Python dictionary implementation

http://www.laurentluce.com/posts/python-dictionary-implementation/

August 29, 2011

This post describes how dictionaries are implemented in the Python language.

Dictionaries are indexed by keys and they can be seen as associative arrays. Let’s add 3 key/value pairs to a dictionary:

1 >>> d = {'a': 1, 'b': 2}
2 >>> d['c'] = 3
3 >>> d
4 {'a': 1, 'b': 2, 'c': 3}

The values can be accessed this way:

01 >>> d['a']
02 1
03 >>> d['b']
04 2
05 >>> d['c']
06 3
07 >>> d['d']
08 Traceback (most recent call last):
09   File "<stdin>", line 1, in <module>
10 KeyError: 'd'

The key ‘d’ does not exist so a KeyError exception is raised.

Hash tables

Python dictionaries are implemented using hash tables. It is an array whose indexes are obtained using a hash function on the keys. The goal of a hash function is to distribute the keys evenly in the array. A good hash function minimizes the number of collisions e.g. different keys having the same hash. Python does not have this kind of hash function. Its most important hash functions (for strings and ints) are very regular in common cases:

1 >>> map(hash, (0, 1, 2, 3))
2 [0, 1, 2, 3]
3 >>> map(hash, ("namea""nameb""namec""named"))
4 [-1658398457, -1658398460, -1658398459, -1658398462]

We are going to assume that we are using strings as keys for the rest of this post. The hash function for strings in Python is defined as:

01 arguments: string object
02 returns: hash
03 function string_hash:
04     if hash cached:
05         return it
06     set len to string's length
07     initialize var p pointing to 1st char of string object
08     set x to value pointed by p left shifted by 7 bits
09     while len >= 0:
10         set var x to (1000003 * x) xor value pointed by p
11         increment pointer p
12     set x to x xor length of string object
13     cache x as the hash so we don't need to calculate it again
14     return x as the hash

If you run hash(‘a’) in Python, it will execute string_hash() and return 12416037344. Here we assume we are using a 64-bit machine.
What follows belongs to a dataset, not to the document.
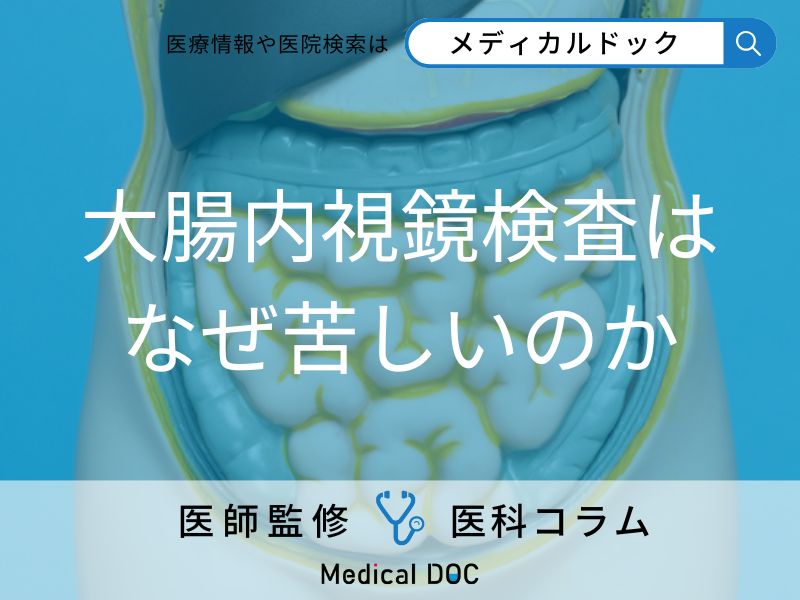そもそも大腸内視鏡検査はなぜ、苦しいのか?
If an array of size x is used to store the key/value pairs then we use a mask equal to x-1 to calculate the slot index of the pair in the array. This makes the computation of the slot index fast. The probability to find an empty slot is high due to the resizing mechanism described below. This means that having a simple computation makes sense in most of the cases. If the size of the array is 8, the index for ‘a’ will be: hash(‘a’) & 7 = 0. The index for ‘b’ is 3, the index for ‘c’ is 2, the index for ‘z’ is 3 which is the same as ‘b’, here we have a collision.

We can see that the Python hash function does a good job when the keys are consecutive which is good because it is quite common to have this type of data to work with. However, once we add the key ‘z’, there is a collision because it is not consecutive enough.
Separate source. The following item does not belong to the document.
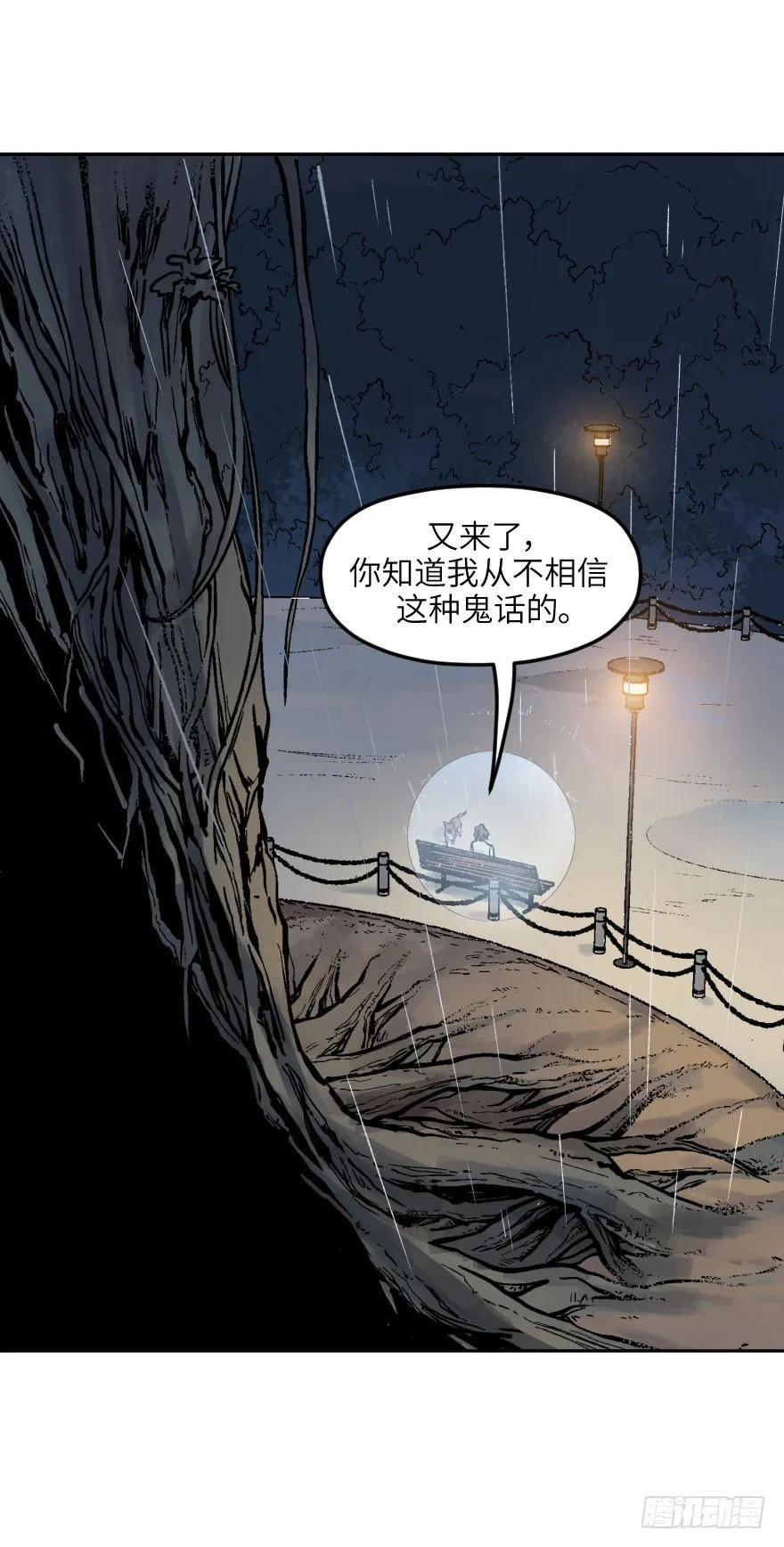 第一话：命定 第54页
We could use a linked list to store the pairs having the same hash but it would increase the lookup time e.g. not O(1) average anymore. The next section describes the collision resolution method used in the case of Python dictionaries.

Open addressing

Open addressing is a method of collision resolution where probing is used. In case of ‘z’, the slot index 3 is already used in the array so we need to probe for a different index to find one which is not already used. Adding a key/value pair will average O(1) and the lookup operation too.

A quadratic probing sequence is used to find a free slot. The code is the following:

1 j = (5*j) + 1 + perturb;
2 perturb >>= PERTURB_SHIFT;
3 use j % 2**i as the next table index;

Recurring on 5*j+1 quickly magnifies small differences in the bits that didn’t affect the initial index. The variable “perturb” gets the other bits of the hash code into play.

Just out of curiosity, let’s look at the probing sequence when the table size is 32 and j = 3.
3 -> 11 -> 19 -> 29 -> 5 -> 6 -> 16 -> 31 -> 28 -> 13 -> 2…

You can read more about this probing sequence by looking at the source code of dictobject.c. A detailed explanation of the probing mechanism can be found at the top of the file.

Now, let’s look at the Python internal code along with an example.

Dictionary C structures

The following C structure is used to store a dictionary entry: key/value pair. The hash, key and value are stored. PyObject is the base class of the Python objects.

1 typedef struct {
2     Py_ssize_t me_hash;
3     PyObject *me_key;
4     PyObject *me_value;
5 } PyDictEntry;

The following structure represents a dictionary. ma_fill is the number of used slots + dummy slots. A slot is marked dummy when a key pair is removed. ma_used is the number of used slots (active). ma_mask is equal to the array’s size minus 1 and is used to calculate the slot index. ma_table is the array and ma_smalltable is the initial array of size 8.

01 typedef struct _dictobject PyDictObject;
02 struct _dictobject {
03     PyObject_HEAD
04     Py_ssize_t ma_fill;
05     Py_ssize_t ma_used;
06     Py_ssize_t ma_mask;
07     PyDictEntry *ma_table;
08     PyDictEntry *(*ma_lookup)(PyDictObject *mp, PyObject *key, long hash);
09     PyDictEntry ma_smalltable[PyDict_MINSIZE];
10 };

Dictionary initialization

When you first create a dictionary, the function PyDict_New() is called. I removed some of the lines and converted the C code to pseudocode to concentrate on the key concepts.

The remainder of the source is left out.